Support Questions
Find answers, ask questions, and share your expertise
Announcements
Alert: Welcome to the Unified Cloudera Community. Former HCC members be sure to read and learn how to activate your account here.

Kite dataset for nested JSON document

Kite dataset for nested JSON document

Expert Contributor

I got a nested JSON document for this form that I would like to transform and store into the dataset created by Kite:

 

{
 "uid": 29153333,
 "somefield": "somevalue",
 "options": [
   {
     "item1_lvl2": "a",
     "item2_lvl2": [
       {
         "item1_lvl3": "x1",
         "item2_lvl3": "y1"
       },
       {
         "item1_lvl3": "x2",
         "item2_lvl3": "y2"
       }
     ]
   }
 ]
}

How does one go about storing and querying these types of documents?

 

'm planning on ingesting using Flume's Kite dataset sink and will be relying on extractJsonPath and toAvro morphline commands to transform the JSON documents. Is creating a dataset based on Avro schema using complex types supported? 

 

Thanks!

6 REPLIES 6

Re: Kite dataset for nested JSON document

Explorer
buntu: did you ever come up with a solution for this?

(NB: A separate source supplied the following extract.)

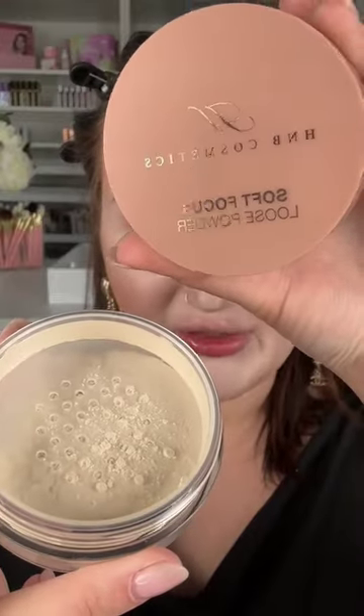This is amazing — look how perfectly smooth it is under my eyes. I'm going to set everything with the soft focus loose powder. Now, I always say powders tend to be too yellow for me. I want to try the powder puff as well — I don't think it's too yellow, that's my opinion. It is wicked smooth and I like that.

Re: Kite dataset for nested JSON document

Expert Contributor

Currently I'm relying on Kite CLI to generate the Avro schema and then do a json import providing the json file along with the generated schema:

   http://kitesdk.org/docs/current/cli-reference.html#json-schema

   http://kitesdk.org/docs/current/cli-reference.html#json-import

 

Let me know if there are any other alternative ways to handle the ingestion and/or querying the dataset.

 

 

Re: Kite dataset for nested JSON document

Explorer

Specifically we have json that has nested records (and thus of course avro schemas that reflect that nesting) and we can't figure out how to use readJson + extractJsonPaths + toAvro + writeAvroAsByteArray to process this data because toAvro appears to NOT support nested records.

 

Re: Kite dataset for nested JSON document

Expert Contributor

Yes, it doesn't seem to support nested json. So the ingestion process writes the JSON records to HDFS and then I schedule a periodic job to import the files to the Kite dataset.

 

Few other options:

- Read the JSON using Apache Spark and write as Parquet and operate on the data

- Apache Nifi is another option that was suggested but I havn't had a chance to play around with it

Re: Kite dataset for nested JSON document

Explorer
Thanks again for the responses.

Re: Kite dataset for nested JSON document

New Contributor

  This is my solution. I hope that will be helpful.

morphlines: [
  {
    id: convertJsonToAvro
    importCommands: [ "org.kitesdk.**" ]
    commands: [
      # read the JSON blob
      { readJson: {} }
	  
	  # java code
	  {
			  java { 
					imports : """
					  import com.fasterxml.jackson.databind.JsonNode;
					  import com.fasterxml.jackson.databind.ObjectMapper;
					  import org.kitesdk.morphline.base.Fields;
					  import java.io.IOException;
					  import java.util.Set;
					  import java.util.ArrayList;
					  import java.util.Iterator;
					  import java.util.List;
					  import java.util.Map;
					"""

					code : """
					  String jsonStr = record.getFirstValue(Fields.ATTACHMENT_BODY).toString();
					  ObjectMapper mapper = new ObjectMapper();
					  Map<String, Object> map = null;
					  try {
						  map = (Map<String, Object>)mapper.readValue(jsonStr, Map.class);
					  } catch (IOException e) {
						  e.printStackTrace();
					  }
					  Set<String> keySet = map.keySet();
					  for (String o : keySet) {
						  record.put(o, map.get(o));
					  }
					  return child.process(record);                   
					"""
	 
			  }
	  }
      
      # convert the extracted fields to an avro object
      # described by the schema in this field
      { toAvro {
        schemaFile: /etc/flume/conf/a1/like_user_event_realtime.avsc
      } }
      
      #{ logInfo { format : "loginfo: {}", args : ["@{}"] } }
  
      # serialize the object as avro
      { writeAvroToByteArray: {
        format: containerlessBinary
      } }
  
    ]
  }
]